There are thousands of adults and children who are required to perform clean intermittent catheterization (CIC) as part of their daily lives. Catheterizations have to be performed secondary to a wide array of medical conditions. Conditions such as these may be caused by problems with neurogenic (neurological origin) or myogenic (muscular origin) bladders. Neurogenic and myogenic bladders do not have the capability to squeeze out urine or empty it to completion. Therefore, the bladder must be emptied manually with the insertion of a catheter.
Female:
Male:
The process of catheterization comes with several potential problems that may be harmful to the body. Normally the urinary system is a bacteria-free, “sterile environment”. Introducing a catheter through the native urethra or catheterizable stoma allows bacteria from the outside world to enter the bladder. As a result, colonization of the bladder occurs. Colonization means these germs are introduced into your body, but they do not make you sick. The bacteria need heat/warmth, moisture, and darkness to multiply and survive. This physiological process of adaptation to these different bacteria living inside the bladder takes place over time, and if properly managed colonization is not a problem. Catheterization times may need to be scheduled closer together, every 3 hours, to avoid heavy colonization as extended time (4-6 hours/overnight) results in more bacterial growth.
However, individuals who have to perform CIC do place themselves at risk of developing “symptomatic” urinary tract infections.
Symptoms of UTIs usually present as:
- Strong, or foul-smelling urine
- Thick or cloudy urine
- Painful catheterization
- Bladder pain
- Back or flank pain
- Hematuria (blood in the urine)
- Lethargy
- Nausea
- Vomiting
- Fever **hallmark sign**
Augmented Bladders
Another population of people catheterizes “augmented” bladders. Augmented bladders are bladders that have been surgically enlarged. The most common type of bladder augmentation uses a segment of the small intestine – ileum (illeocystoplasty). Other types of augmentations of the bladder are the large intestine (sigmoid cystoplasty), the stomach (gastro cystoplasty), or salvaged ureteral tissue from complex megaureter cases (ureterocystoplasty).
A common problem with bladder augmentations when using bowel tissue is the build-up of mucous in the bladder that is normally produced by the bowel segment.
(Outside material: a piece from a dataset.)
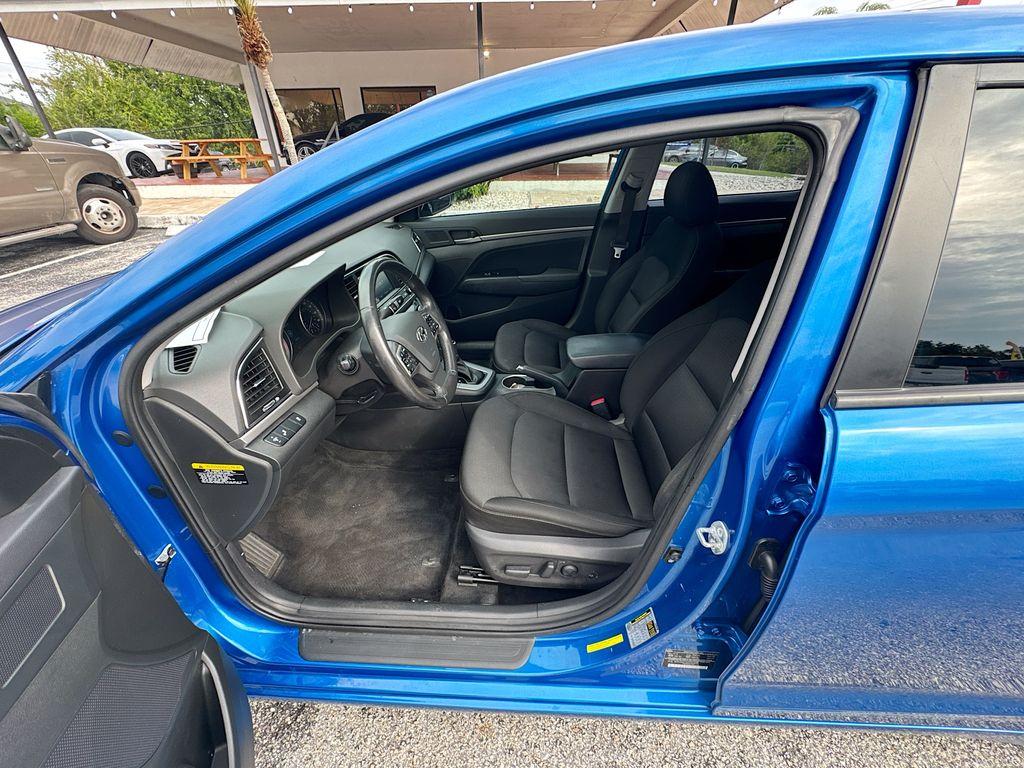 2017 Hyundai Elantra - $8,999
This collection of mucous and sediment must be removed from the bladder in order to avoid complications with UTIs, stone formation, or urinary incontinence. This is secondary to mucous plugs that have the ability to cause disruption of the bladder neck or continent stoma valve mechanism.
Bladder Irrigation in Augmented Bladders:
Bladder irrigation in the gastro cystoplasty population helps to keep everything healthy and clean. This simple process can help rid the bladder of unwanted sediment, mucous, bacteria, tiny calculi, blood clots, and the constantly shedding epithelial cell debris from the lining of the bladder. The gastro cystoplasty population may also use an antacid solution for irrigation, such as Maalox, which can help decrease problems with painful “hematuria dysuria syndrome” caused by caustic gastric acid secretions.
Bladder Irrigation in Non-Augmented Bladders:
Regular bladder irrigations in the non-augmented population can help decrease complications from unwanted bacterial colonization resulting in symptomatic UTIs. It also helps to remove “old-stale” urine from the various folds and pockets of the bladder lining. Irrigation using an antibiotic solution, such as Gentamicin mixed with normal saline, can also be quite helpful in treating lingering cystitis and recurrent UTIs.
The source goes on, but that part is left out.